Alguns querem ganhar mais e mais. Se o salário for de R$ 4.000,00, os “unhas-de-fome” correm atrás das vantagens e vivem alvoroçados com a possibilidade de mais e mais dinheiro no bolso. Isso pode virar uma angústia na vida deles. 

Em seu livro, Peter Singer elogia pessoas que doam até 50% de sua renda anual. Quanto aos restantes de nós, ele propõe uma abordagem mais realista: uma doação de cerca de 5% da renda anual para as pessoas em situação financeira confortável e bastante mais para os muito ricos. 

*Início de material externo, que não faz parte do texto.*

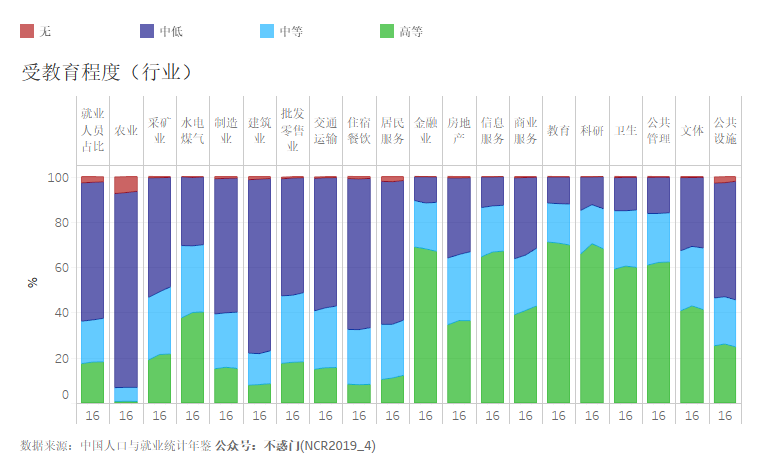 新加坡受教育程度人口比例_我国人口受教育程度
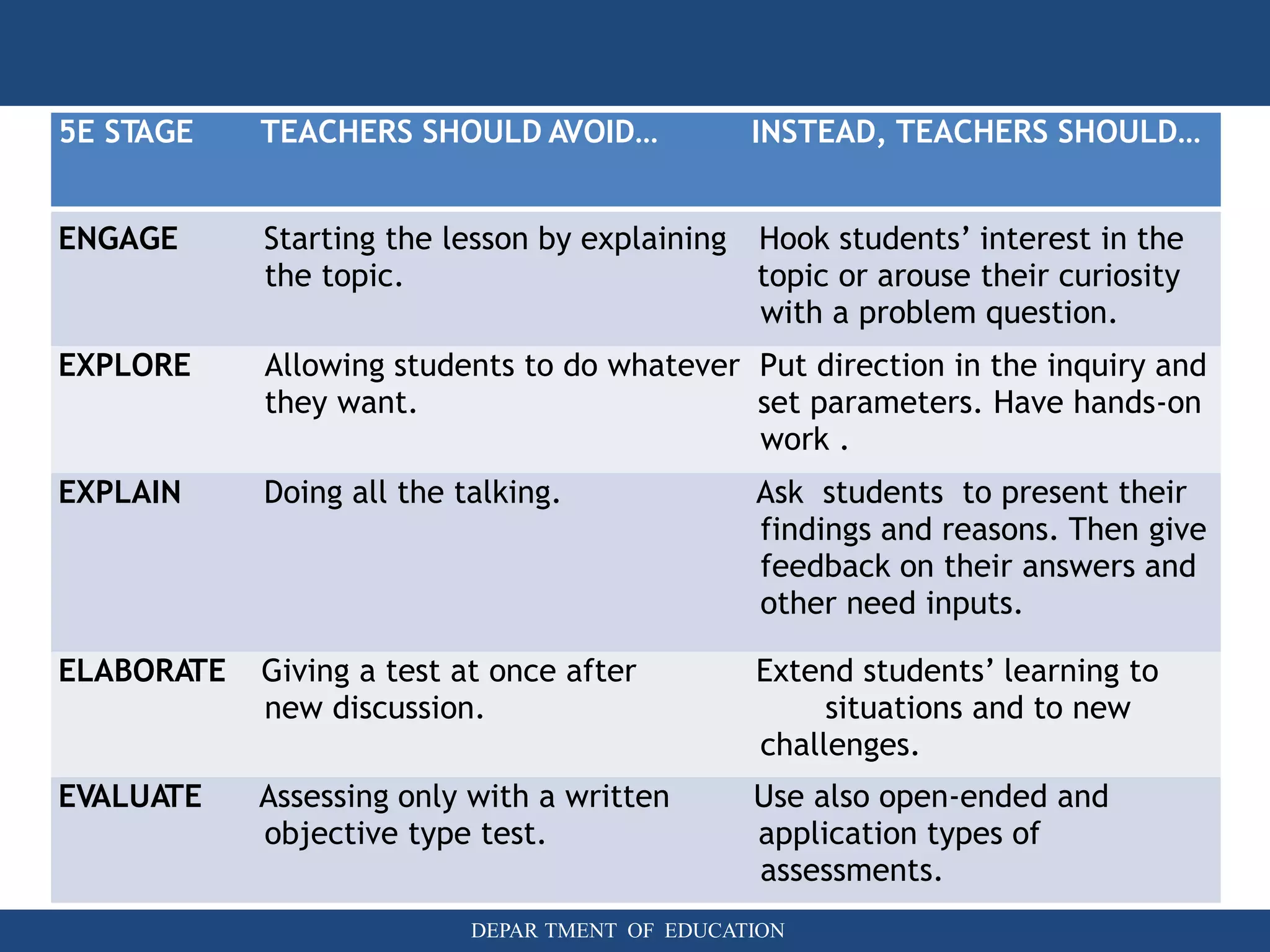 DEPAR TMENT OF EDUCATION
5E STAGE TEACHERS SHOULD AVOID… INSTEAD, TEACHERS SHOULD…
ENGAGE Starting the lesson by explaining Hook students’ interest in the
the topic. topic or arouse their curiosity
with a problem question.
EXPLORE Allowing students to do whatever Put direction in the inquiry and
they want. set parameters. Have hands-on
work .
EXPLAIN Doing all the talking. Ask students to present their
findings and reasons. Then give
feedback on their answers and
other need inputs.
ELABORATE Giving a test at once after Extend students’ learning to
new discussion. situations and to new
challenges.
EVALUATE Assessing only with a written Use also open-ended and
objective type test. application types of
assessments.
 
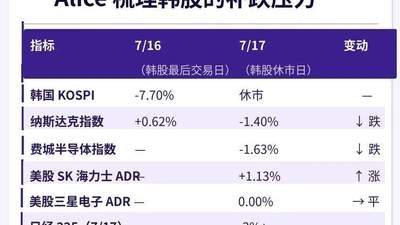 韩国股市深跌25%未获救市，本周三大变量定方向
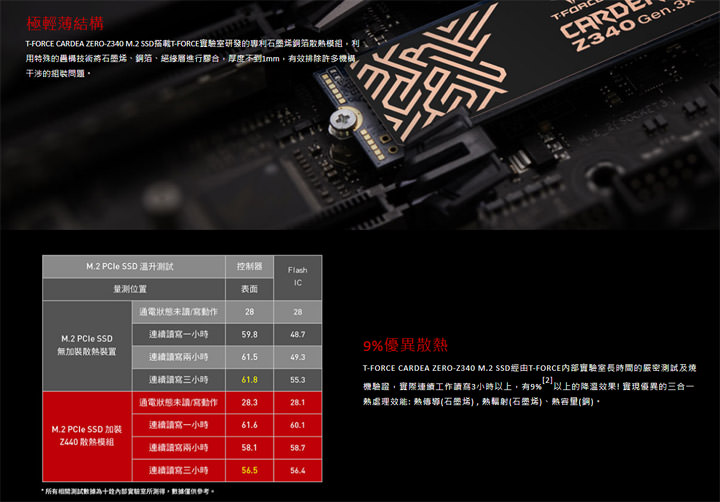石墨烯技術帶來「零的領域」！十銓科技推出 T-FORCE CARDEA ZERO Z330 及 Z340 M.2 固態硬碟！ - 阿祥的網路筆記本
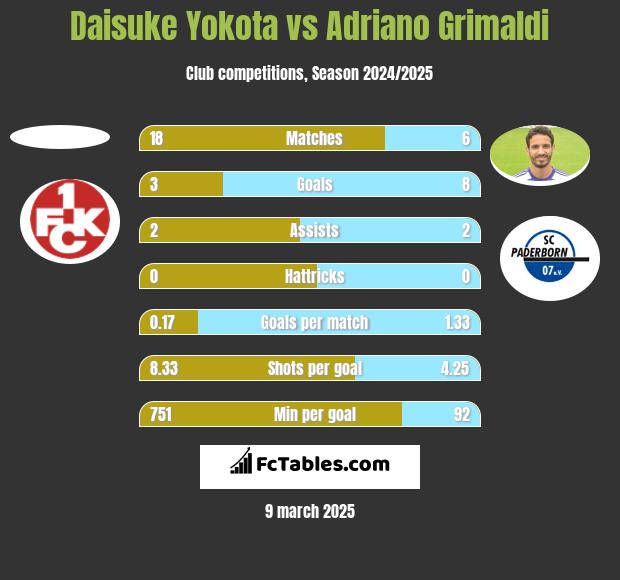 Daisuke Yokota vs Adriano Grimaldi h2h player stats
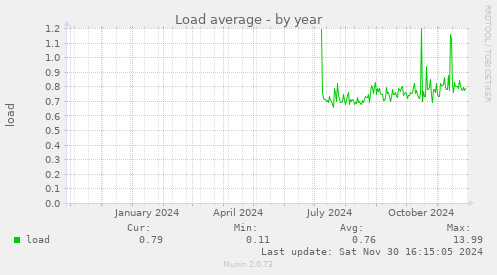 Load average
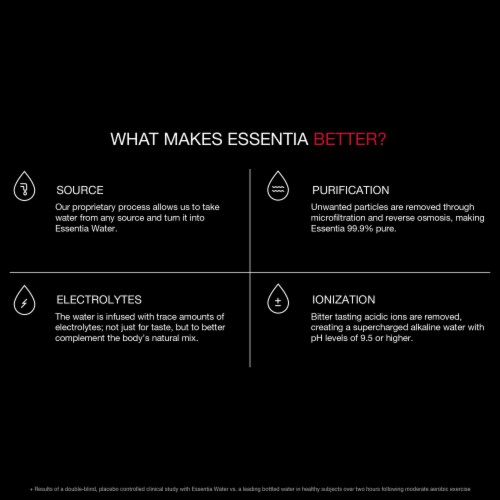 Essentia Bottled Water Ionized Alkaline Water Perspective: top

É difícil conceber alguém que sai de um restaurante, onde gastou R$ 100,00, negar R$ 0,50 que seja a um pedinte que encontra na saída desse local. É como se a miséria do mundo não dissesse respeito a cada um de nós. 


“Tendemos a considerar que as pessoas merecem ser mais culpadas por seus atos do que por suas omissões”, diz o filósofo Peter Singer. E então, para finalizar, escreve o jornalista Dwight Garner: “Não é preciso concordar com tudo o que Singer afirma para sentir que não há o que discutir: no que tange a viver uma vida dita ‘de bondade’, as omissões morais hoje contam mais que nunca”.